State Russian Museum

Пост.: 1920 из ВОПХ; ранее (в 1905) – собственность князя П.П. Голицына в имении Марьино Новгородской губ.

Annotation

The work was first attributed to Ivan Nikitin in 1804 and there is no question of his authorship. This is one of the few works of the artist that was signed and dated. Researchers note that the technique of the portrait is very good, and it has been preserved better than other works, which makes the individual manner of the artist more apparent. A similar style is visible on his portraits of Prasovia Ioannovna and Anna Petrovna.

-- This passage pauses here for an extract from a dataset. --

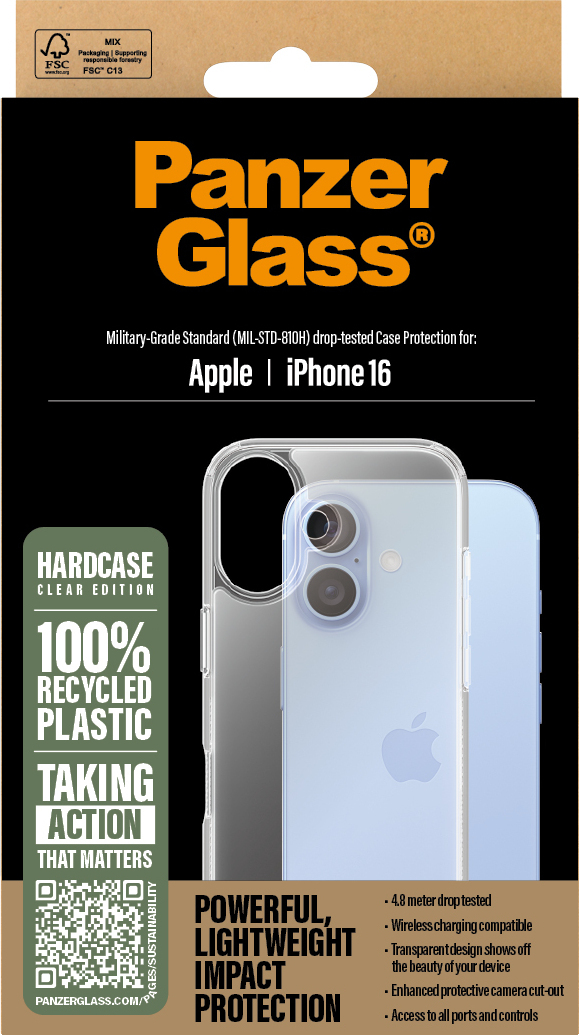 PanzerGlass HardCase -suojakotelo, Apple iPhone 16, kirkas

Sergei Stroganov (August 20, 1707 – September 30, 1756)
Youngest son of Grigory Stroganov, a prominent person and salt manufacturer, and his second wife Maria Yakovlevna, née Novosiltseva. Baron (from 1722), actual gentleman-in-waiting, Lieutenant General. Owner of a palace located on Nevsky Prospect, St Petersburg designed by Francesco Bartolomeo Rastrelli. Collector and founder of the Stroganov Art Gallery. In 1735 he married Sofia Kirillovna Naryshkina. His son, Alexander Stroganov, would become president of the Imperial Academy of Arts.

Author's Biography

Nikitin Ivan

Nikitin, Ivan Nikitich
1680s, Moscow (?) - After 1741
Painter, portraitist. Son of a Moscow priest, brother of Roman Nikitin. Possibly educated at the Armoury School of Printing in Moscow. Lived in St Petersburg (from 1711). Studied under Tommaso Redi in Florence as a fellow of Peter the Great (1716-19). Returned to Russia (1720). Court portraitist (from 1721). Painted life portraits of Peter the Great on Kronstadt (1715-21). Married and divorced Maria Fyodorovna Mamens, lady of the bedchamber to Empress Catherine I (1727). Arrested in St Petersburg in connection with the libelling of Archbishop Feofan Prokopovich (1732). Spent five years in the Peter and Paul Fortress. Exiled to Siberia (1737). Released by the Privy Council (1742). Died on the way from Siberia to Moscow.